US 6th Circuit Court of Appeals Judge John Rogers (wikimedia.org)
Without a doubt, cell phone data and GPS signals in cell phones are hot commodities in the surveillance business. Business is booming for wireless carriers who sell customers data and cell phone locations to police either by the hour or for one big fee.(See our May story on the practice and the legal challenges to it here.)

But law enforcement is especially well-placed to take advantage of the data. With a simple judge's order, it can easily obtain reams of data and the GPS location of a target's cell phone without a warrant.

As the Times noted, tracking GPS signals in cell phones has become such a tempting technique that the Iowa City Police Department had to issue a stern warning to officers: "Do not mention to the public or the media about the use of cell technology or equipment used to locate targeted subjects and its use should be kept out of police reports."

Similarly, a 2010 training manual written by California prosecutors informed investigators on "how to get the good stuff" using technology. Another police training manual describes cell phones as "the virtual biographer of our daily activities," providing a hunting ground for learning contacts and travels.

The easy availability of cell phone data could spell big trouble for accused drug dealer Antoine Jones as he prepares for retrial next year. This time around, the feds will not use GPS evidence from his vehicle because the Supreme Court prohibited that in his case last year, but it plans to use Jones' cell phone data and the GPS signal in his phone as evidence to connect him with numerous kilos of cocaine.

On September 4, the Obama administration, citing a 1976 Supreme Court precedent, told the federal judge in Jones case that such data, like banking records, and cell phone records, are "third-party records," which means customers have no right to keep it private.

Jones' attorney, Eduardo Balarezo, disagreed. "The government seeks to do with cell site data what it cannot do with the suppressed GPS data that's already been ruled illegal by the Supreme Court," he argued in his brief in the case.

Jones, who is still behind bars despite his victory at the Supreme Court because the government insists on retrying him, is steadfast.

"I am going to fight this all the way to the end," he told the Chronicle.

Aside from the Fourth Amendment implications of the Skinner decision, the case raises another question: Did the courts misinterpret the arcane federal laws governing electronic surveillance?

Jennifer Granick, director for civil liberties, the Stanford Law School Center for the Internet and Society
A Stanford University attorney who is an expert on the legalities now says even the trial court erroneously applied the wrong "trap and trace" statute in denying to suppress the evidence the DEA used to obtain a court order to track the GPS signal in Skinner's phone.

"It was basically the government's "hybrid theory" of what constituted a legal trace of the phone and the court intrepreted the wrong statute," Jennifer Granick told the Chronicle. "The tracking order the DEA used to track Mr.
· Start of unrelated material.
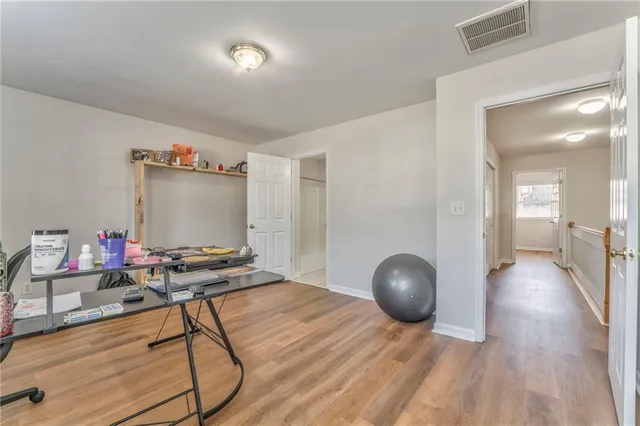 a workspace with furniture and wooden floor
Skinner's phone was not applied correctly under the statute. Pinging a phone in real time is governed by the Pen Register/Trap and Trace statute. To get a trap and trace order, the government usually needs an order under [the relevant] section."

But as Granick has argued in federal criminal defense seminars, the Communications Assistance for Enforcement Act (CALEA) prohibits use of the pen register authorization to obtain subscriber location information."So, the feds should have gotten a warrant under [a different] rule for this information, but clearly did not," Granick concluded.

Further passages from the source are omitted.